This morning the air mingles the scent of warm Premier Inn and fresh grass into a cloudy mix.
Alt text says this week’s photo is a yellow flower in the grass. I say it is my shadow featuring a midforehead daffodil. I also say I was rather hoping to create a daffodilesque dalek photo. I guess it is distinctly unlikely that alt text would come up with that description even if the photo was on point, but perhaps I also didn’t pull it off quite as I had planned. It was fun though and it was taken during my daffodil noticing/clear my head/have a think walk one sunny morning last week.
Jobs have been calling to me this week… “Look, the sun’s shining, if you clean me you can hang the washing out.” was the cry from the washing line.“You feel better with a haircut – what about us?” the mini lawns were imploring.
And at the same time my energy levels were feeling a little depleted, so rebalancing has been an important thing to focus on as well as remembering how motivating it is to get the jobs done rather than carrying the thought of them around in my head whilst trying to concentrate on something else. I reminded myself that I could always use my trick of timing myself to do a job like I did when I wasn’t sure I could persuade myself that cleaning the windows was going to fit into my day. But these jobs were different and the joy was always going to be in the end result and the fact they lead so nicely into the welcoming of the season of spring. (I still like the moment of personal development that came about after timing myself to clean the windows… this being that my ultimate motivation is to complete the task shortly after sunrise whilst wearing my pyjamas.)
Pleasingly Claire Pedrick’s second edition of Simplifying Coaching was out on Monday and I knew that this would be an informative and restorative read to slot into my week. Two early morning reading slots and one I want to finish this tonight slot and I had read the book from cover to cover and thoroughly enjoyed it. It is an excellent read for all coaches and a wonderful build on the first version which was already a favourite coaching book for me. Highly recommended to all coaches. I also love the fact that there is a little quote from me in the book…how cool is that?

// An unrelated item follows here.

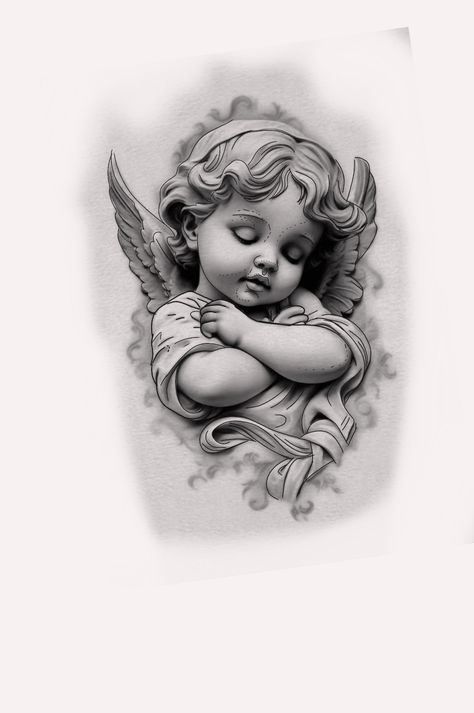 Angel On Neck Tattoo, Angel Tattoo Neck, Baby Angel Tattoo, Smile Now Cry Later, Tiny Tats, Tattoo Neck, Tattoo Lettering Design, Chicano Art Tattoos, Angel Tattoo Designs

There’s been a good sprinkling of words in my week all round because as well as reading I have been writing. One of my favourite ways to write poetry is when there is a compelling feeling of being pulled to set something down. This week my sister was my muse. We had been talking on the phone and after telling me something she hadn’t told me before she said it would make a good poem if I wanted to write it. I pondered on what she had said on one of my walks and came back with a pretty much fully formed poem. I remembered to leave it to rest overnight as well as read it out loud to check it sounded right before editing it and smoothing its edges. Then I recorded it as a voice note and sent it to her. We both agree that is has something special about it so I am hoping it will find a home in the not-too-distant future.
This week I choose to share a poem that was written to set down a moment in time when something shiny caught my eye in a supermarket car park in Canterbury.
The shine and the surprise of it
rolled to a stop in a gravel dip
in a wet car park.
Almost a marble from my childhood;
a mini, silvered moon
cratered and old.
Glimpsing it made us smile
and you knew
I wanted to hold the heaviness of it.